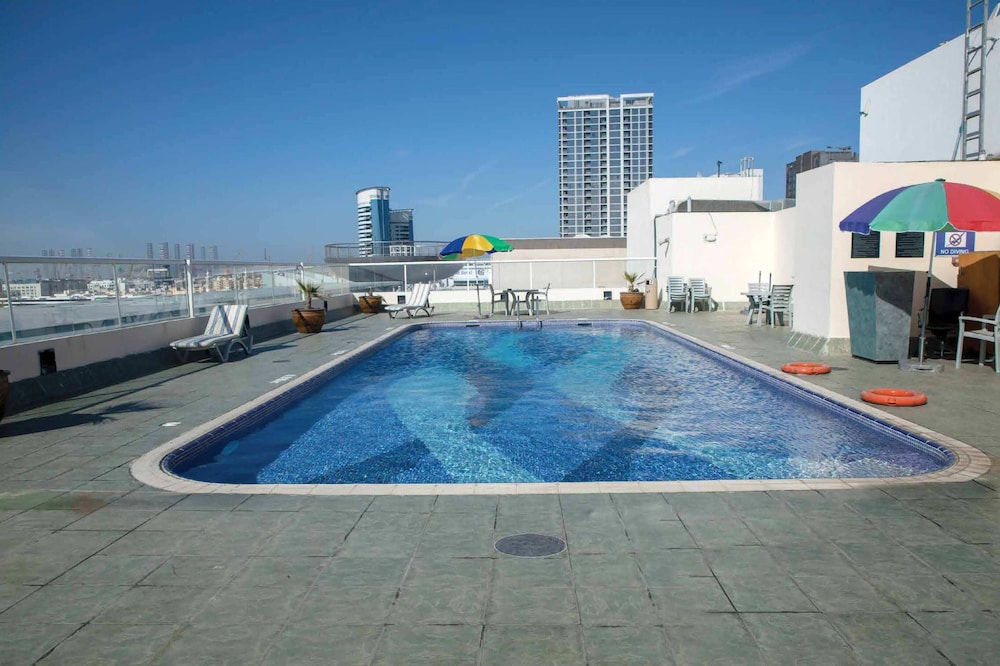 Wescott Plaza Hotel Apartments L.L.C 54/59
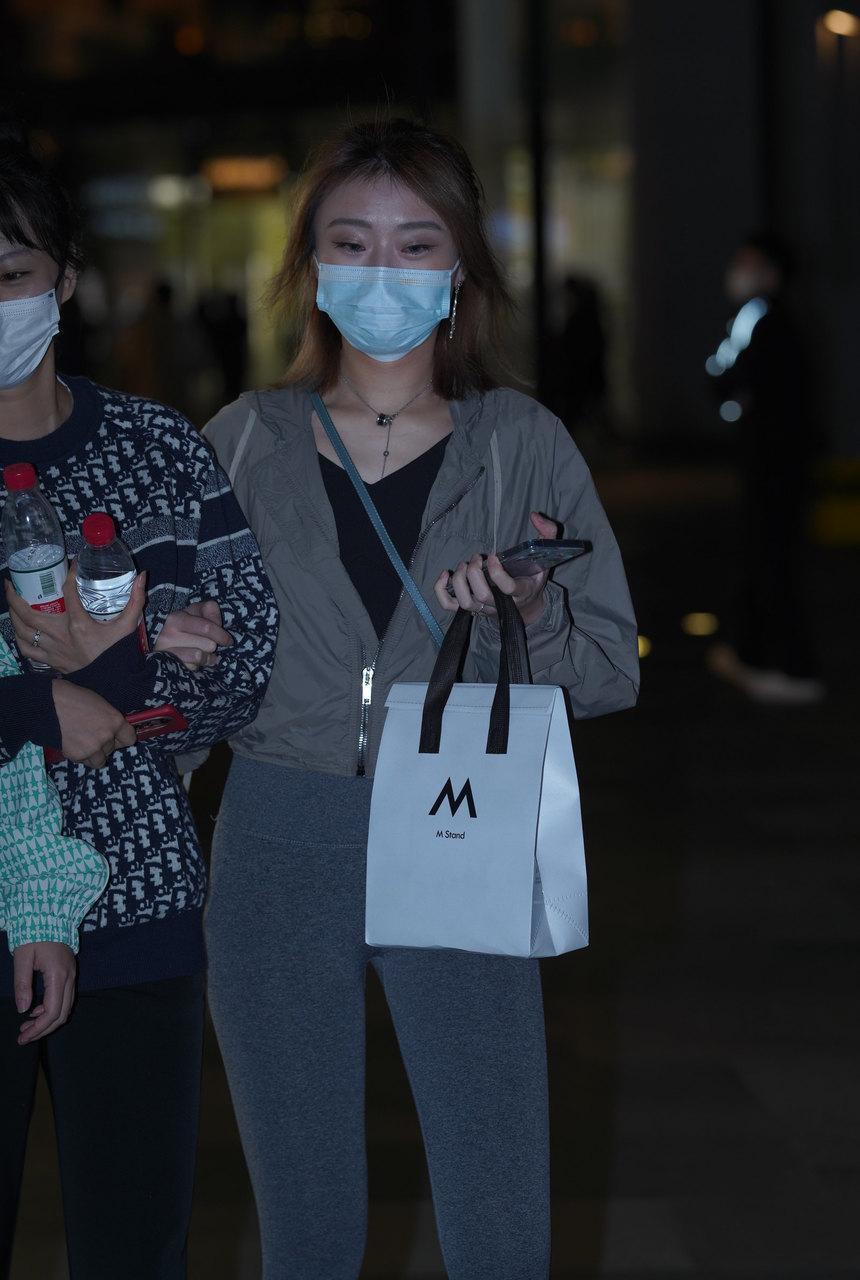 都市丽人极品瑜伽裤美女【30P-516MB】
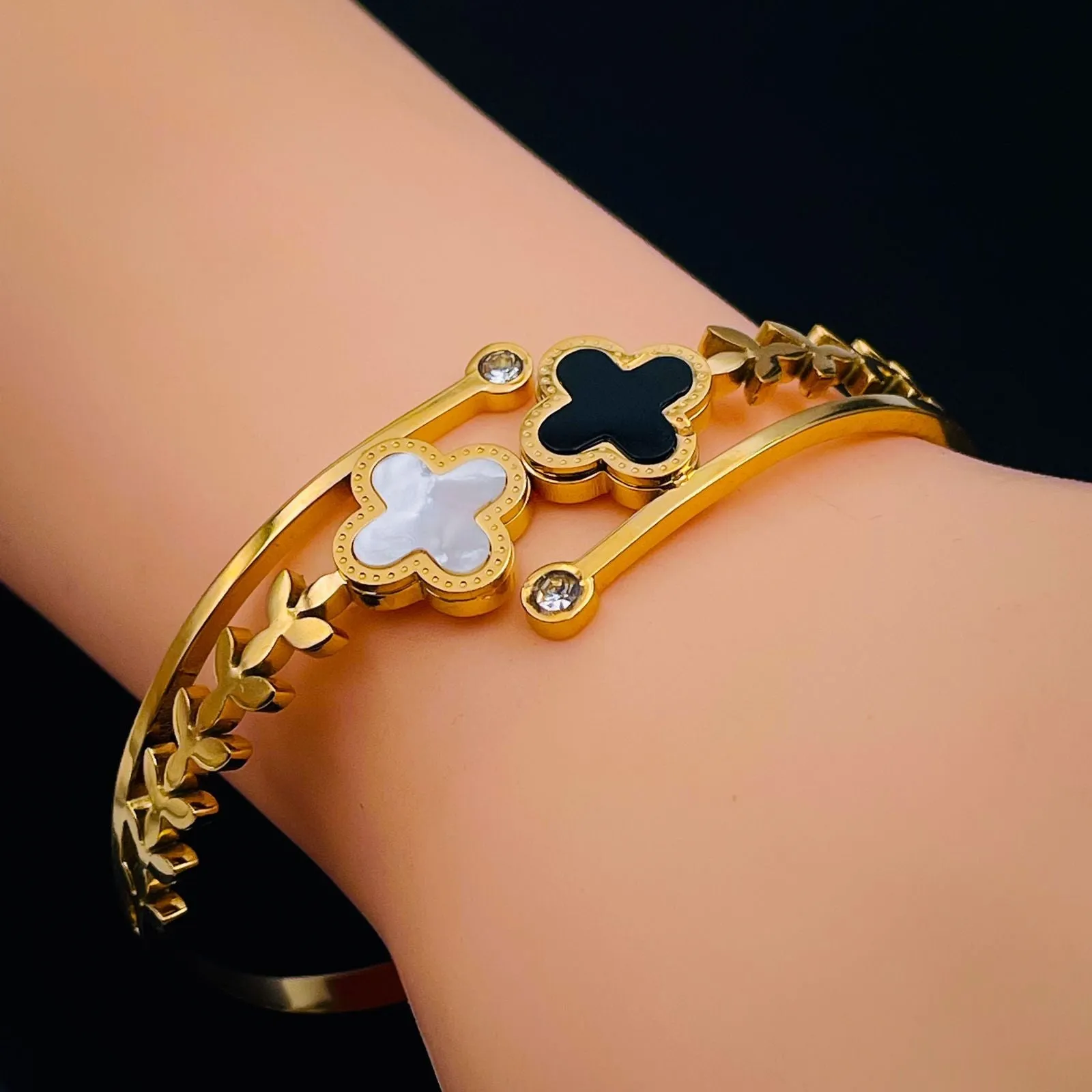 Black White Clover 18K Gold Anti Tarnish Stainless Steel Openable Kada for Women
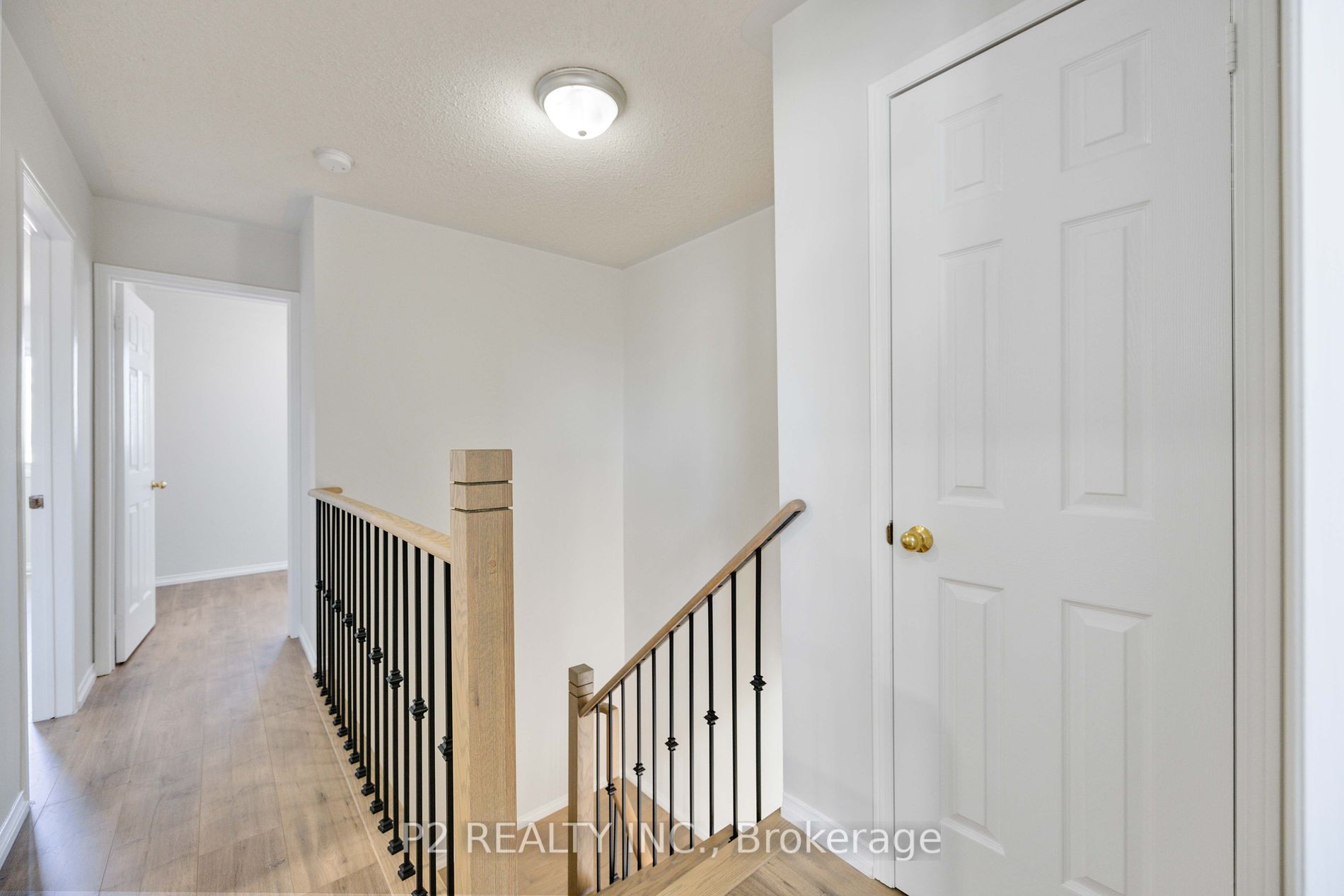 6 Prestwick Ave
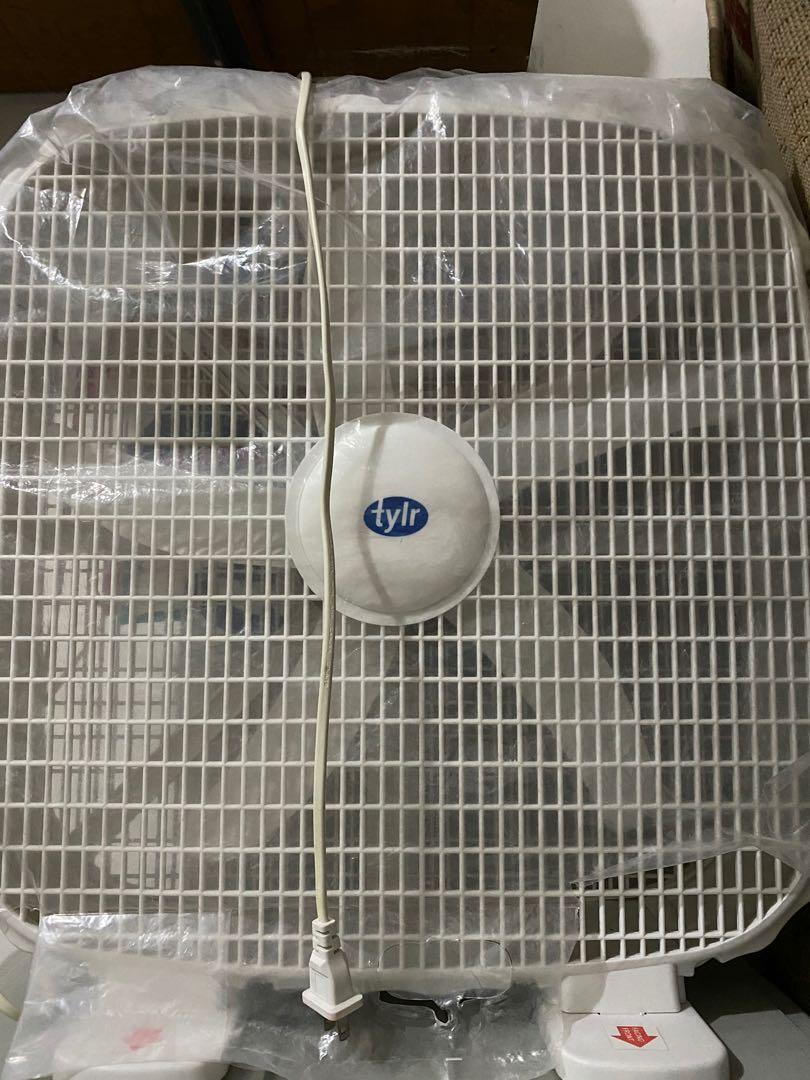 Tylr electric fan, Furniture & Home Living, Lighting & Fans, Fans on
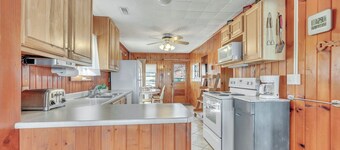 NEW RENTAL!!! Sunny Waters Escape on East Lake Private Dock- Sleeps 10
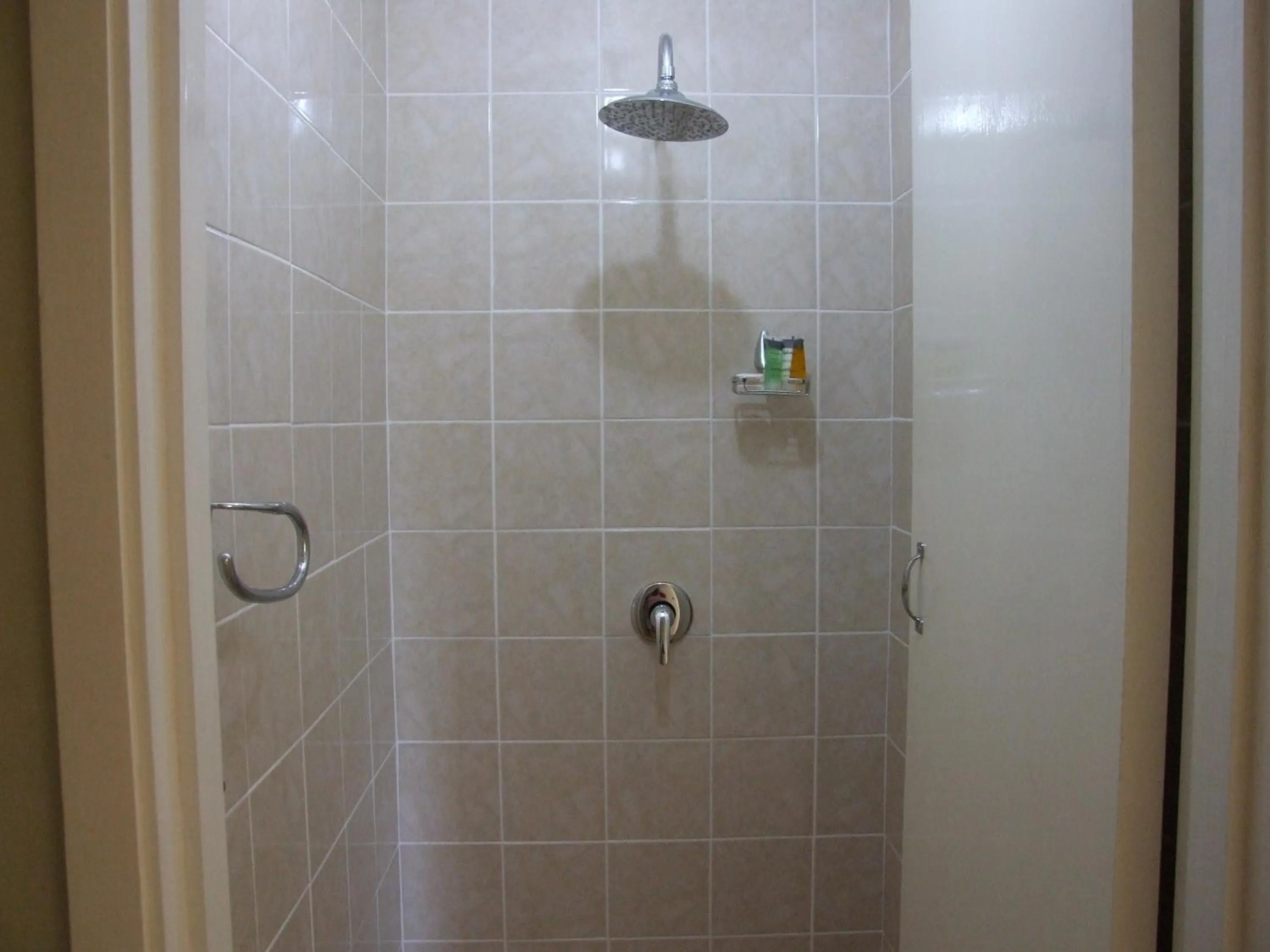 Bathroom in Bluewater Lodge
========================
Exercise objective — Would you reproduce each line of the material exactly, omitting the images?

Answer to this exercise —
 Wescott Plaza Hotel Apartments L.L.C 54/59
 都市丽人极品瑜伽裤美女【30P-516MB】
 Black White Clover 18K Gold Anti Tarnish Stainless Steel Openable Kada for Women
 6 Prestwick Ave
 Tylr electric fan, Furniture & Home Living, Lighting & Fans, Fans on
 NEW RENTAL!!! Sunny Waters Escape on East Lake Private Dock- Sleeps 10
 Bathroom in Bluewater Lodge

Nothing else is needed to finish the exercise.